- TASK OBJECTIVE: Print, please, exactly the lines from the one with "2013 Hyundai Verna" through the final line of the data below, with both ends included and the pictures left out.

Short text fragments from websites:
_ _ _ _ _ _ _
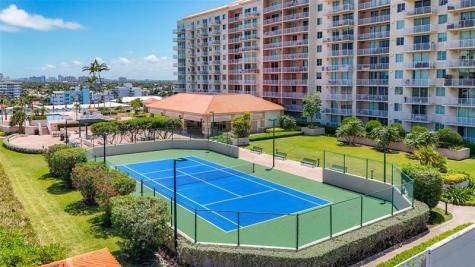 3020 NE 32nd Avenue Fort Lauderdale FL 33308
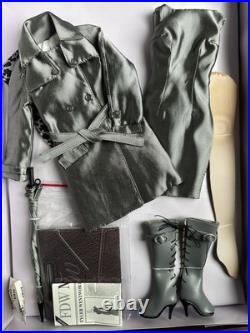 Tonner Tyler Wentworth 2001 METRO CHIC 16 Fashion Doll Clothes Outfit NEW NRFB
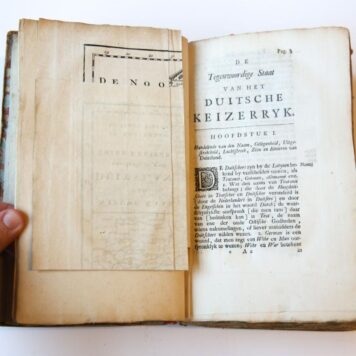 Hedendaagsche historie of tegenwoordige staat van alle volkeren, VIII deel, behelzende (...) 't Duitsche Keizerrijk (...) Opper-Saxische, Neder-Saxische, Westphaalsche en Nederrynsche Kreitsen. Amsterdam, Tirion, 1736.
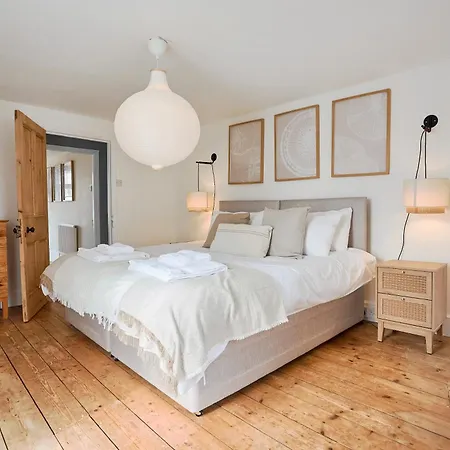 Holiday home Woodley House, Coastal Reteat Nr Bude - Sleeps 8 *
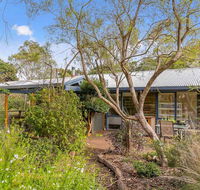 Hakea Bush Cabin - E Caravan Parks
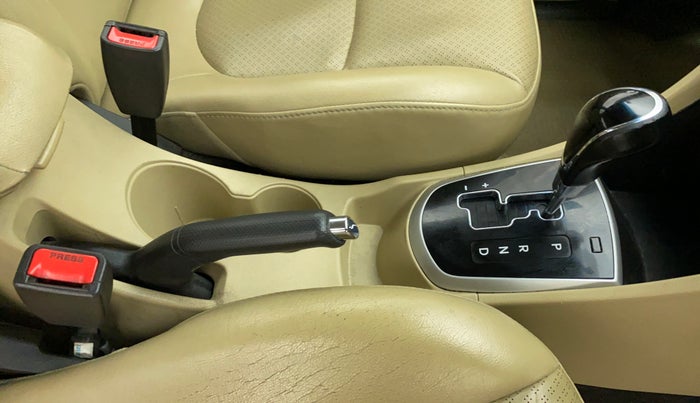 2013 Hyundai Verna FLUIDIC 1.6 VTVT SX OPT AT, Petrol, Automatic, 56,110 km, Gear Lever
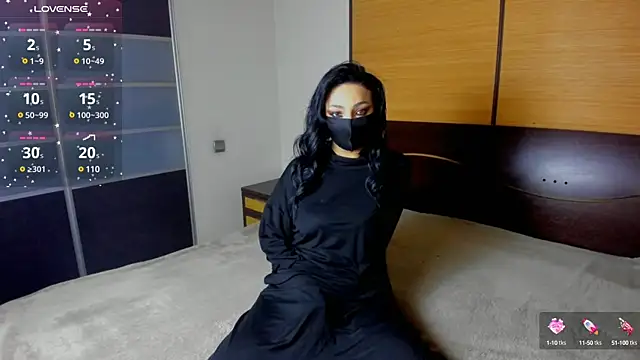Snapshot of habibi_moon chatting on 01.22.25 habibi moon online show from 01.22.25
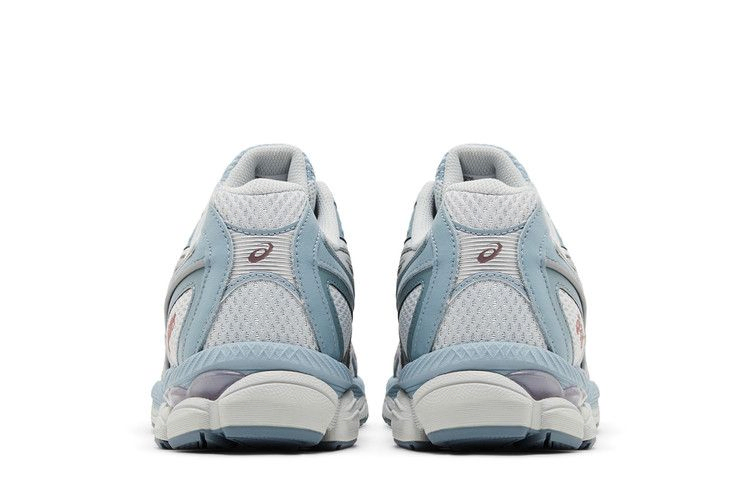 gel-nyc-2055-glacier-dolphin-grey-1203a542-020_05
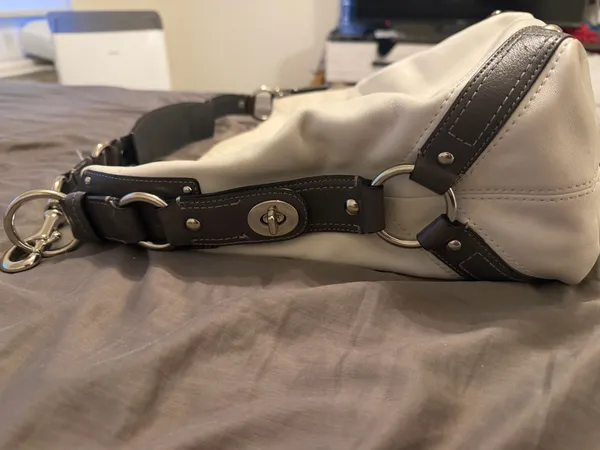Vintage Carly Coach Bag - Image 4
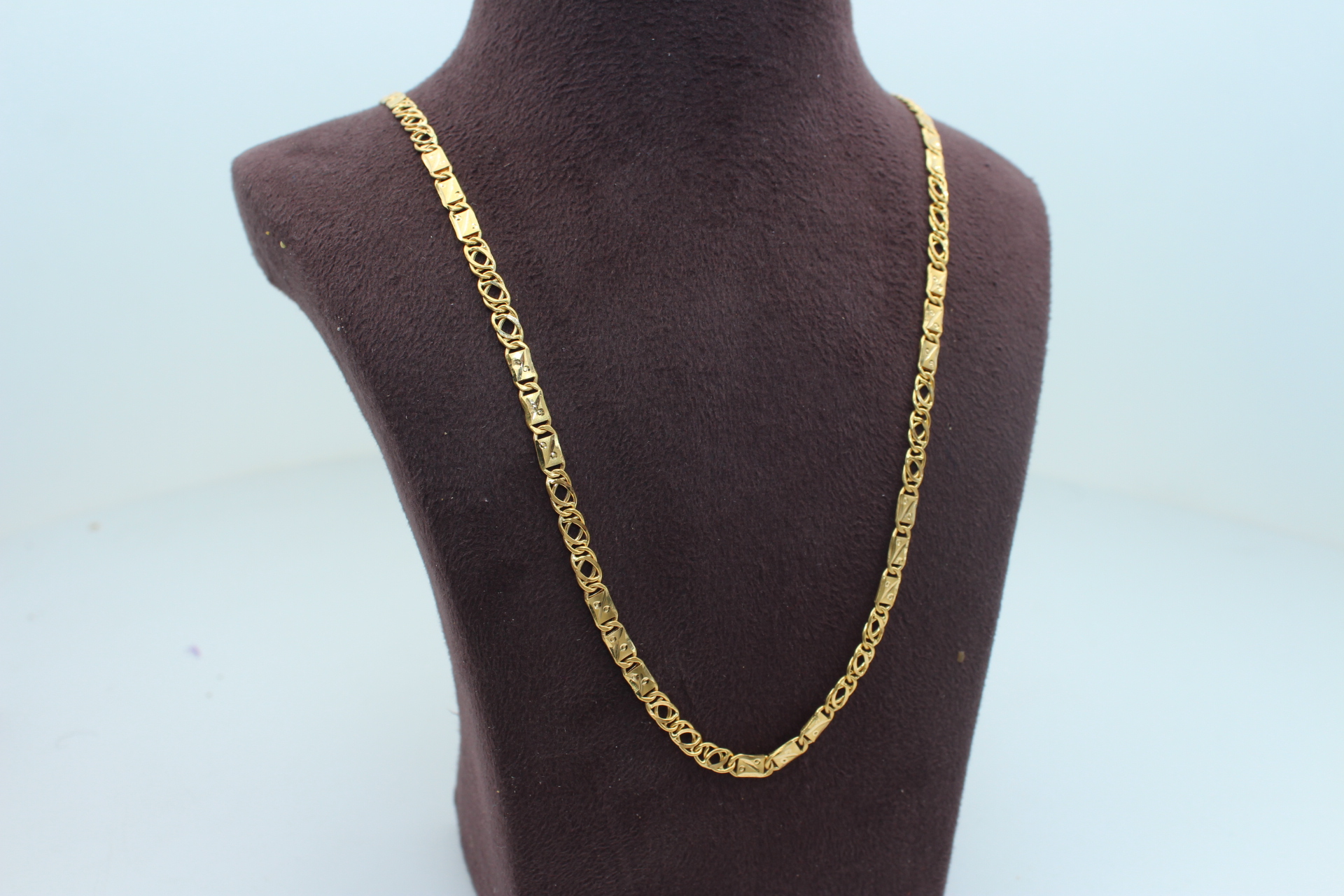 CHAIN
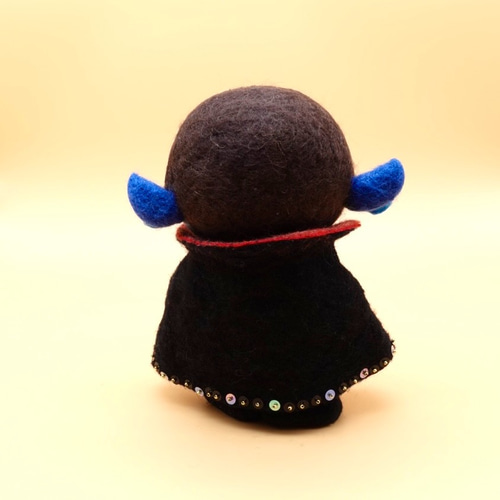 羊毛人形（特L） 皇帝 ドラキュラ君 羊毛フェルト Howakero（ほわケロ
_ _ _ _ _ _ _
- PROBLEM SOLUTION:
 2013 Hyundai Verna FLUIDIC 1.6 VTVT SX OPT AT, Petrol, Automatic, 56,110 km, Gear Lever
Snapshot of habibi_moon chatting on 01.22.25 habibi moon online show from 01.22.25
 gel-nyc-2055-glacier-dolphin-grey-1203a542-020_05
Vintage Carly Coach Bag - Image 4
 CHAIN
 羊毛人形（特L） 皇帝 ドラキュラ君 羊毛フェルト Howakero（ほわケロ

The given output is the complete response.